Die Renovierungsarbeiten an den 27 verbliebenen Häusern des 1871 gegründeten Sarona wirbeln auch heute, sowohl im wörtlichen als auch im übertragenen Sinne, viel Staub auf: Dass die Regierung rund 600 Millionen Schekel (121 Millionen Euro) investiert, um dieses Dorf genauso aussehen zu lassen wie vor dem Zweiten Weltkrieg, und die Eigentümer noch weitere 200 Millionen Schekel beisteuern, scheint ein Versuch der Investoren zu sein, den nationalsozialistischen Teil der Geschichte geradezu vergessen zu machen: »Dass die Templer Nazis gewesen sind, ist uns egal. Sie sind ja heute nicht mehr da. Jetzt soll jeder hierher kommen können, um unsere Freizeitangebote zu genießen«, erklärt Ran Steinman von der Verwaltungsgesellschaft Ganei Sarona, der sich wie viele Involvierte lieber auf die gewinnbringenden Aspekte des Templer-Erbes fokussiert.

»Jeder Baum hier ist noch von den Templern gepflanzt worden.
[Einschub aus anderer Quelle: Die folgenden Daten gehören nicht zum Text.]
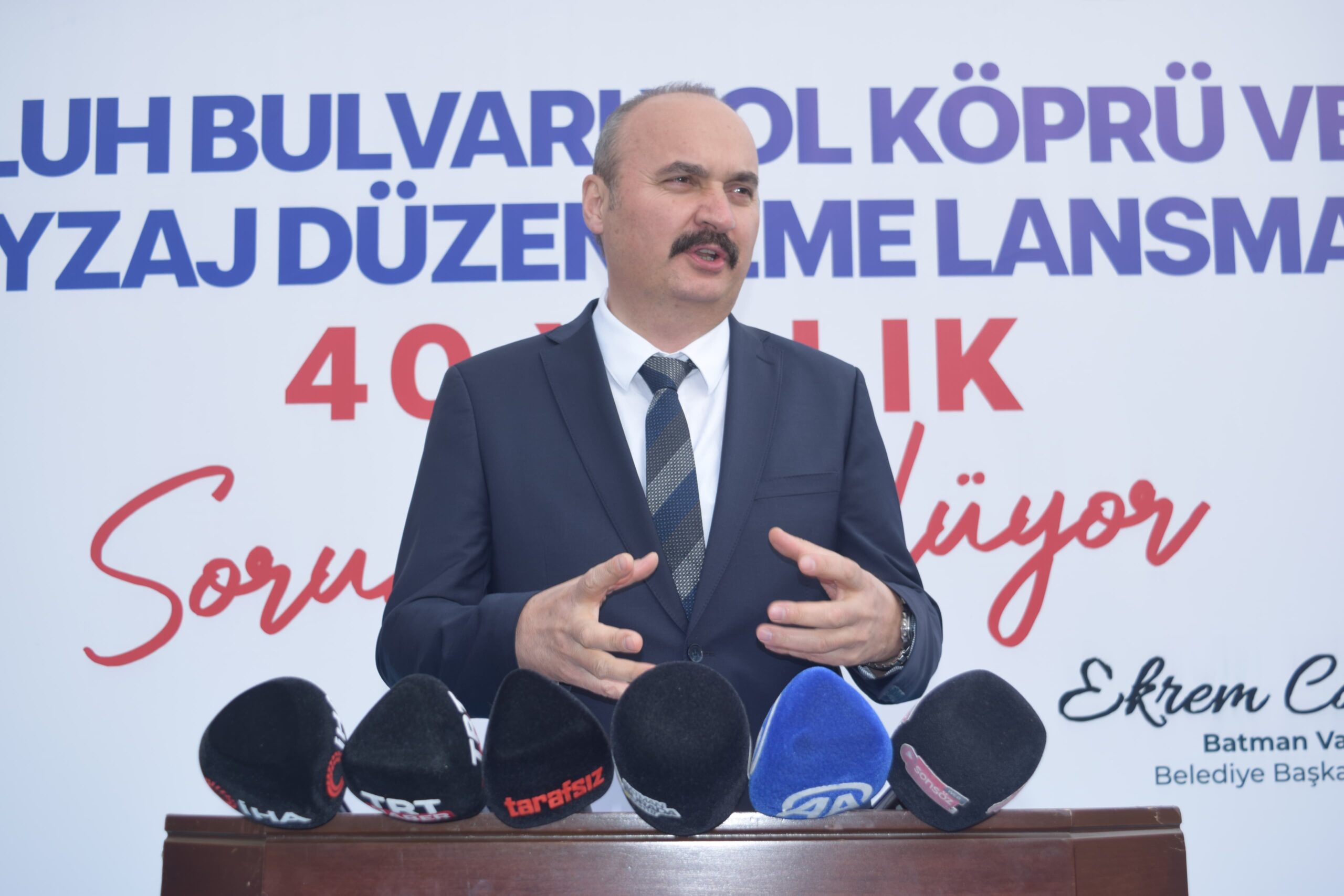 Batman Valisi Ekrem Canalp’ten Annelere Anlamlı Mesaj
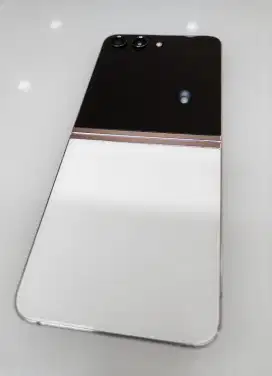 Z FLIP 5 512GB cream. Murah aja.. Bisa tt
Wir bemühen uns darum, dass alles sehr authentisch bleibt. Die Fassade der Häuser soll auf keinen Fall verändert werden«, verrät Ortal Ganot, die Sprecherin der Verwaltungsgesellschaft.

IRONIE Historische Ironie liegt auch darin, dass das Gelände während des Unabhängigkeitskrieges 1948 jüdische Untergrundkämpfer beherbergte, die sich später zur ersten israelischen Armee zusammenschlossen. Aus Sarona ging die HaKirya, der erste staatliche Regierungssitz Israels, hervor. Damals wurde die aus Sandstein erbaute Weinkellerei, die noch vor Rothschild und Zichron Yaakov die besten Weine Palästinas hervorbrachte, als eine Art Versteck und Werkstatt für Armeeflugzeuge genutzt.
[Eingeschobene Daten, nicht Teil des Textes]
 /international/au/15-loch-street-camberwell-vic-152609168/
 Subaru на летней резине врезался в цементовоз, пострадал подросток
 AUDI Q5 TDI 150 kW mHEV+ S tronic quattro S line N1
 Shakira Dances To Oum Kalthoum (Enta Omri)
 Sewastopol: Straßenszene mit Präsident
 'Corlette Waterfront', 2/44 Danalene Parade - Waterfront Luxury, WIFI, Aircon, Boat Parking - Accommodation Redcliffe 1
Später war auch der israelische Geheimdienst Mossad für kurze Zeit im ehemaligen Templerviertel untergebracht. Jetzt soll auf dem Gelände, auf dem selbst Staatspräsident Chaim Weizmann und Ministerpräsident David Ben Gurion zeitweilig Quartier bezogen haben, auf 1.100 Quadratmetern unter anderem ein luxuriöses Restaurant entstehen.
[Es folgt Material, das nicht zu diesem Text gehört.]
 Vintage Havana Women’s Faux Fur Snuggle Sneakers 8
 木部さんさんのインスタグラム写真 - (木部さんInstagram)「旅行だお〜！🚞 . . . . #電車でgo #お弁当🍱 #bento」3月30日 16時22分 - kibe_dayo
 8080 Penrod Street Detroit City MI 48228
Außerdem sollen sechs Wolkenkratzer um das ehemalige Dörfchen herum erbaut werden. Einer davon gehört den Inhabern des Azrieli-Komplexes und soll zu einem der höchsten Gebäude im ganzen Land werden. Da das prestigeträchtige Renovierungsprojekt schon bald für noch mehr Verkehrsaufkommen sorgen wird, hat man die Kaplanstraße bereits im Jahr 2006 vorsorglich erweitert: Die fünf Templerhäuser, die im Weg standen, wurden in einem aufwendigen Verfahren um 20 Meter verschoben.

»Wir hatten Besuch von den Nachkommen der Templer aus Deutschland und Australien, die sich noch genau daran erinnern konnten, wie das alles vorher ausgesehen hat«, erklärt Ganot, die sich bald über noch mehr Besuch freuen darf. In einem halben Jahr sollen die Tore der kleinen deutschen Siedlung nicht nur für ehemalige Templer, sondern auch für Stadtbewohner und Touristen geöffnet werden.